La Somalie n’a pas organisé d’élections nationales au suffrage direct depuis 1969. Depuis, les processus politiques reposent principalement sur des mécanismes indirects impliquant des clans et des représentants désignés. Le scrutin de Mogadiscio vise à démontrer la capacité des autorités à organiser un vote plus inclusif, transparent et sécurisé.
Les autorités locales estiment que cette consultation permettra d’évaluer la préparation logistique et sécuritaire nécessaire à une généralisation du vote direct. Des forces de sécurité ont été déployées dans plusieurs quartiers afin de prévenir toute perturbation, dans un contexte où les menaces des groupes armés restent présentes.

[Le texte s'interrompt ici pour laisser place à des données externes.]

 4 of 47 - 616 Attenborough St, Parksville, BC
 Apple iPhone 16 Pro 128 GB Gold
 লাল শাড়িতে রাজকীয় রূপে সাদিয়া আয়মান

Ce vote est également perçu comme un signal politique à l’échelle nationale. S’il est jugé crédible, il pourrait ouvrir la voie à l’organisation d’élections nationales au suffrage universel prévues pour 2026, une échéance présentée comme un tournant historique pour la gouvernance démocratique de la Somalie.
Pour de nombreux habitants de Mogadiscio, cette élection représente plus qu’un scrutin local : elle incarne l’espoir d’un retour progressif à une participation citoyenne directe, après des décennies d’instabilité et de gouvernance indirecte.